More than a decade since the 2008 financial crisis and ten years after the start of regulatory reporting, regulators globally are conducting a major overhaul of derivatives reporting rules. Reporting to Trade Repositories – stores of data of derivative transactions – is one of the three central G-20 commitments made at the 2009 Pittsburgh summit together with the mandatory use of central clearing and electronic execution on exchanges or electronic platforms, to increase oversight on OTC derivatives.
The reporting commitment is where arguably progress has been slowest. While vast amounts of data are reported daily, data quality concerns and differences in data reported between jurisdictions have made useful data aggregation on a global level, a pre-requisite to monitor systemic risk, still a far-off goal.
At the same time, the importance of data collection in the regulatory process has been steadily increasing and continues to do so. Reporting of financial transactions, trade data and valuations these days encompasses a much broader product set than just derivatives, which were the focus after the financial crisis. Digitisation is rapidly transforming the way financial markets operate and the regulatory process is evolving with it, putting data at the centre of that process today. As Verena Ross, ESMA’ s chair, indicated “In a world that runs on data, good quality data is also the essential ingredient to effective risk management” and “In this context, it is vital that we continue to streamline data reporting and enhance our data capabilities, to ensure the timely detection and mitigation of these risks, based on robust and accessible high-quality data. ESMA is therefore putting every effort into enhancing data-driven risk analysis, policy making and supervision in the EU.”

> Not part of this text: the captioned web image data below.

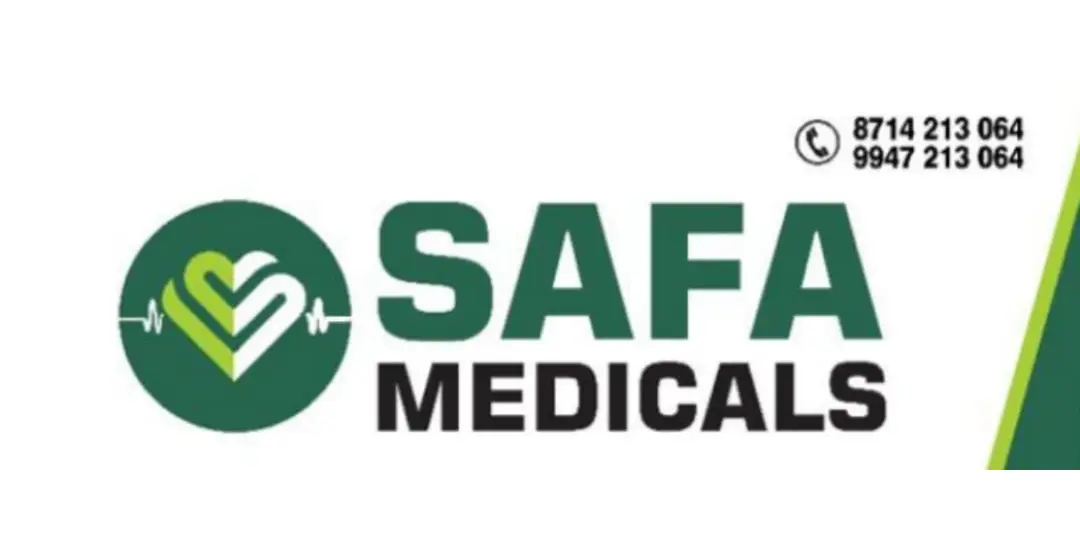 Safa Medicals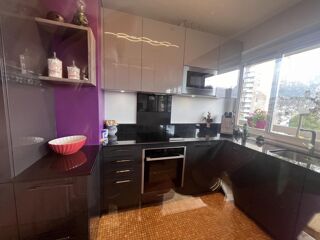  Appartement � vendre 3 pi�ces 59 m�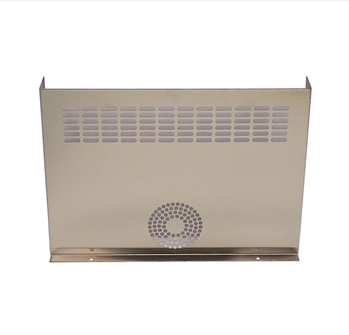 EVAP COVER BTM, TWC-24DZ-B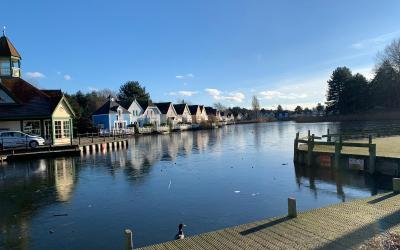 Appartement 1 Chambre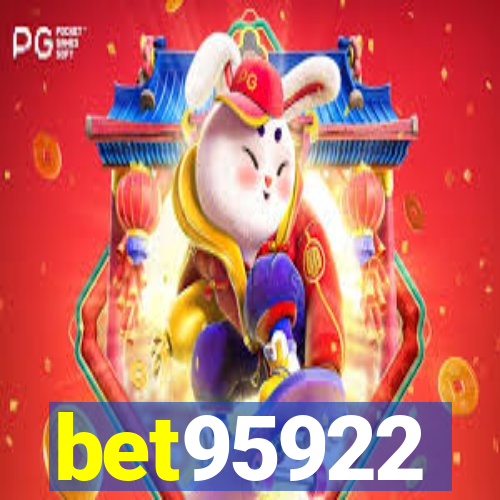 bet95922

The data itself becomes better and more valuable if it is part of the day-to-day operations of firms. If reporting firms use the data as part of their regular processing and operations, the quality of the data will increase. ESMA has indicated that reporting data back to the firms that they can use in running their operations will be an area of focus in the coming year.
Regulatory reporting is here to stay, but the way in which data is reported is changing.

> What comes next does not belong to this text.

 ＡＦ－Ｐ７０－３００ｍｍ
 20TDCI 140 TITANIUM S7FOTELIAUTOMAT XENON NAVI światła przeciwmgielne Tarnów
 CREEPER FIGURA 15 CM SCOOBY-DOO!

Two changes in the upcoming new reporting requirements, that all regulators are looking to adhere to stand out:
- The first is the use of a common set of data fields and identifiers regulators globally have agreed on: the Critical Data Elements (CDE), the Unique Product Identifier (UPI) and the Unique Trade Identifier (UTI).

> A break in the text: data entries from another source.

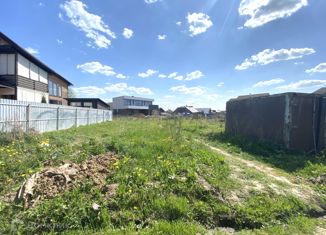 Продается участок, 4.6 сот., деревня Семкино, Новосильцевская улица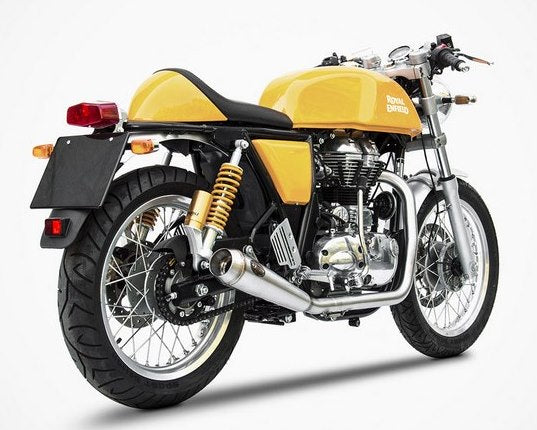Stainless Steel Racing Full Kit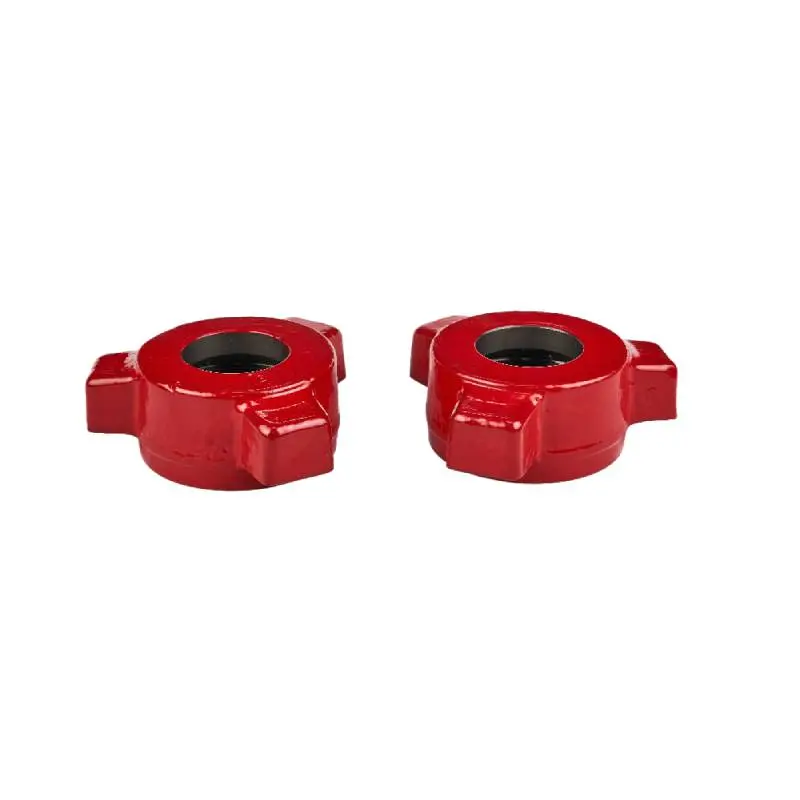 China Forged Steel Union Fittings | 2 UNC Threads | Durable & Corrosion-Resistant | Reliable Suppliers & Factory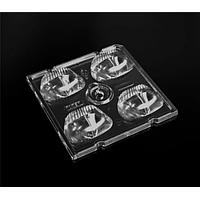 Ledil C17445_STRADA-2X2-J1-PC Multi-Lens LOW GLARE ST LIGHTS FOR EU AND JP REQUIREMENTS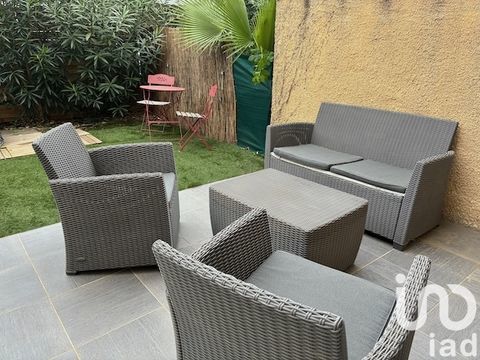   Vente Maison/villa 4 pi�ces Maison - 4 pi�ce(s) - 65 m�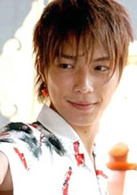 Stand UP!!(日本派)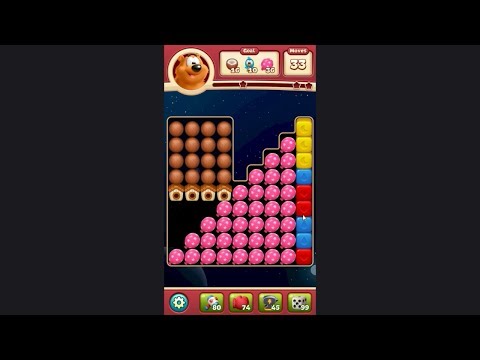 TOON BLAST level 1484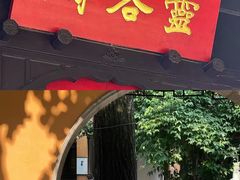 -灵谷景区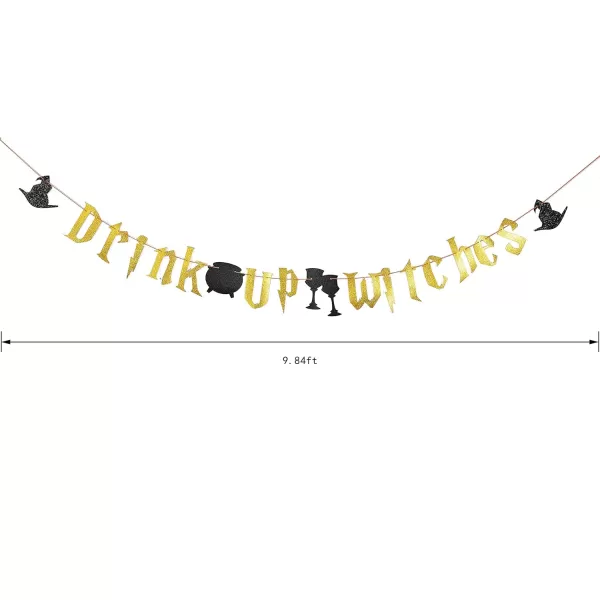 imageJOYIN Backdrop Curtain Halloween Black Tinsel Backdrop 3FTx 8FT Black Tinsel Curtains Photo Booth Backdrop for Baby Shower Halloween Party Decorations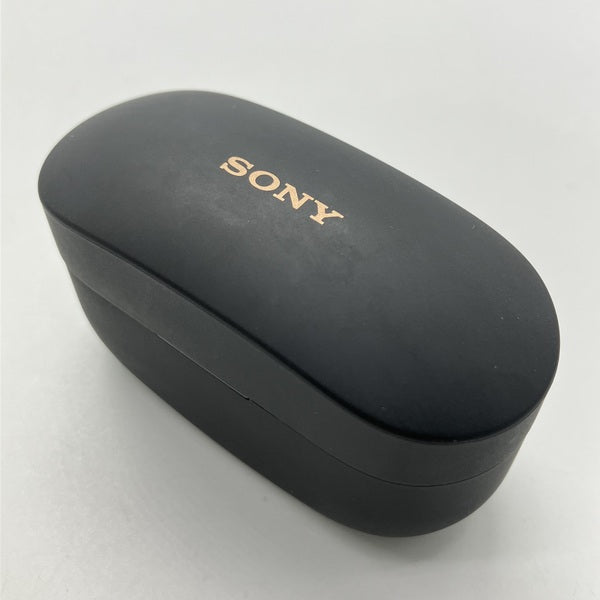 【中古】WF-1000XM4 BM ブラック【秋葉原】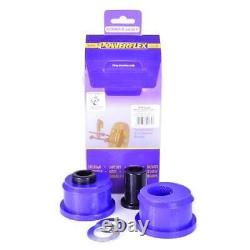 Silentblocs POWERFLEX de bras de suspension avant pour BMW E30/E36 M3 par 2
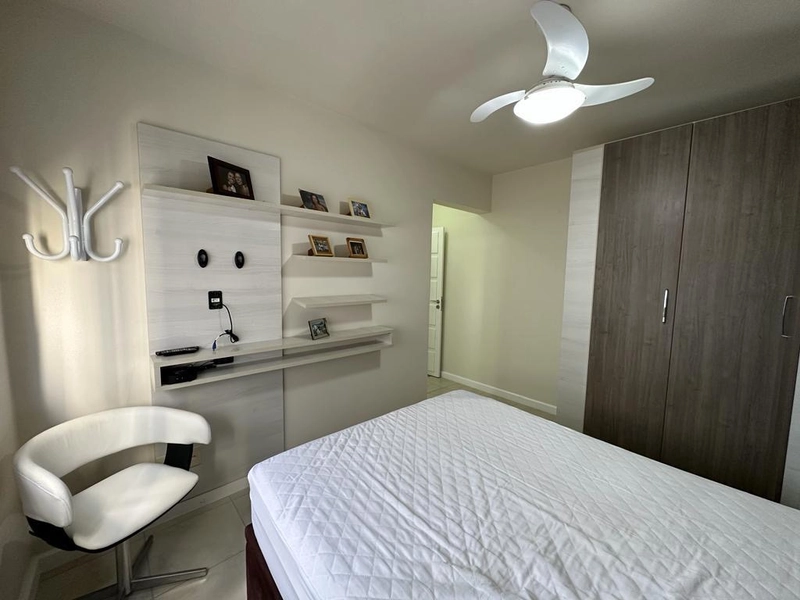 Apartamento 2 dormitórios em CAPÃO DA CANOA/Navegantes: 12ª foto da galeria de imagens do imóvel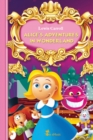 Alice's Adventures in Wonderland. An Illustrated Classic for Kids and Young Readers - eBook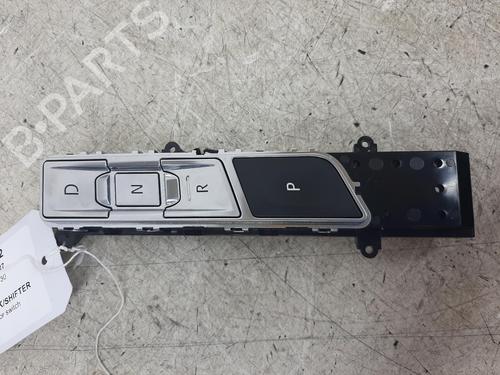 Used Gear lever JAGUAR I-PACE (X590) EV400 AWD (400 hp) 26807925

- The second global change is the use of ISO 20022 throughout the whole reporting cycle: from reporting parties to Trade Repositories and from Trade Repositories to the respective authorities.
Mandating ISO 20022 as a common messaging standard eliminates the need for translations of the data and is a big step towards standardizing the reporting process irrespective of the jurisdiction or the trade repository used.
The combination of the modelling approach, the central dictionary, and the rules to generate the schemas, together with the strong and global governance framework provided by ISO, set the standard apart from other industry standards, typically supported by a specific constituency. The ISO governance process is one of the reasons why regulators globally have chosen ISO 20022 to harmonize trade reporting.
As mentioned in the governance description, the ISO process is open for market participants to provide feedback, in effect the new set of regulatory reporting messages needs to receive the stamp of approval from the Securities Evaluation Group which has representatives from market participants, reporting infrastructure providers and the regulators. The review process of the updated messages has started in June 2022. To provide the industry ample time to implement and test the new messages for regulatory reporting, the goal is to finalize the review process of the updated set of messages before the end of 2022. This way the industry has all of 2023 to implement the new messages and be ready for a go-live between December 2023 and April 1, 2024, based on current regulatory deadlines.
Much has changed since the 2008 financial crisis and the start of derivatives regulatory reporting in 2011. Authorities globally have put a lot of effort into standardizing data requirements across jurisdictions. These efforts carry the promise of achieving better data quality on a jurisdictional level and facilitate aggregation globally, providing regulators better tools and data to monitor systemic risk. ISO 20022 Is a key part of the revised reporting framework. If implemented successfully, it should be strongly considered as a solution in other regulatory standardization efforts.